This post summarises some of the lessons learned while working with Spark’s Word2Vec implementation. You may also be interested in the previous post “Problems encountered with Spark ml Wod2Vec”
Lesson 1: Spark’s Word2Vec getVectors returns the unique embeddings
As mentioned in part 2, the transform function aims to return the vectors for words within the given sentences. If you want the actual trained model, and therefore the unique word to vector representations you should use the getVectors function
Lesson 2: More partitions == more speed == less quality
There is a balance that you need to determine between having a fast implementation vs one with good quality. Having more Word2Vec partitions means that the data is separated into many smaller buckets, losing context of the words in other buckets. The data is only brought together at the end of an iteration. For this reason, you don’t want to split your data into too many partitions. However, you also don’t want to lose out on parallelism – after all you are using spark because you want distributed computation. Play around with the total partitions – the right value for this parameter will differ depending on the problem. Also remember that less partitions means less parallelism and therefore a slower algorithm.
Lesson 3: More iterations == less speed == more quality
As mentioned in lesson 2, the data from various partitions is brought together at the end of each iteration. Having more iterations means more context from the different buckets and more time training. This means that more iterations can lead to better results, but they do have an impact on the running time of the algorithm.
Lesson 4: Machine learning algorithms need a lot of hardware
This probably doesn’t come as a surprise, but it is still worth mentioning. You are using a machine learning algorithm on a distributed cluster and you keep having to give 1 thing more memory, namely your driver.

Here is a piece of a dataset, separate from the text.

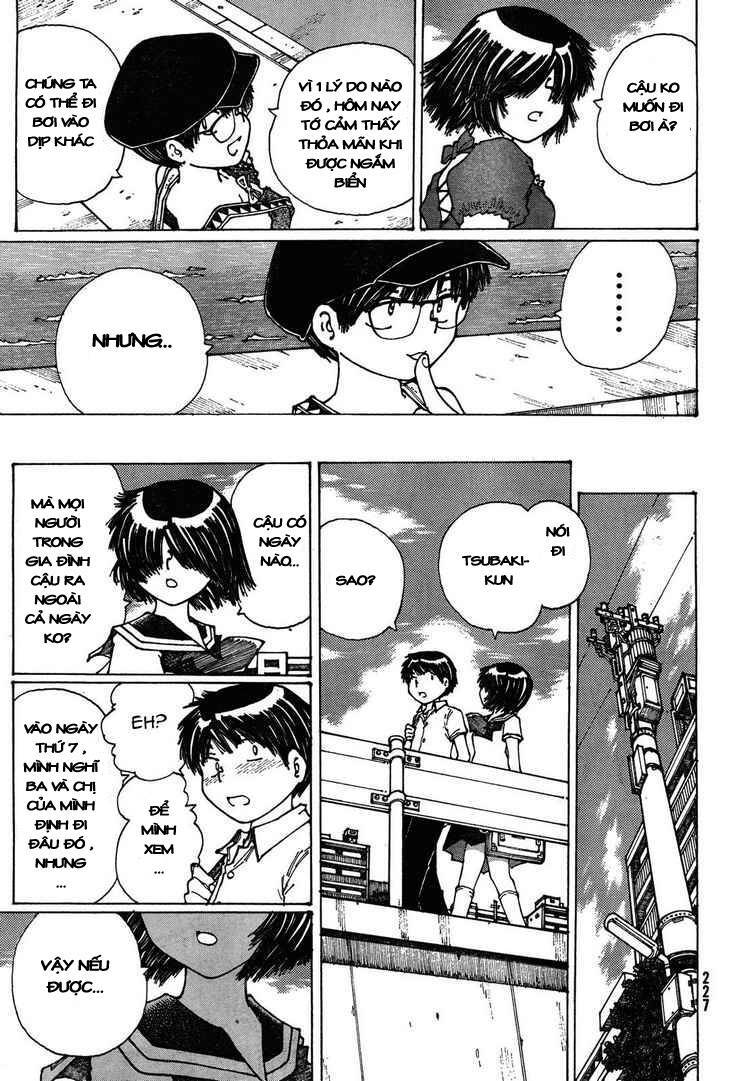 Mysterious Girlfriend X Chapter 26 - 21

Lesson 5: Save things to parquet
Why? efficient data compression built for handling bulk data leads to less memory issues.
Lesson 6: Spark ml Word2Vec is not mockable
If you are writing tests for your Spark jobs, which you should be doing, you will probably try to mock out Spark’s Word2Vec implementation as it is nondeterministic. You will soon be greeted by an error message stating that Word2Vec cannot be mocked. You will then quickly find out that this is a final class in the ml library. To get around this you can wrap your call to Word2Vec in a function and inject it into the function that you are testing.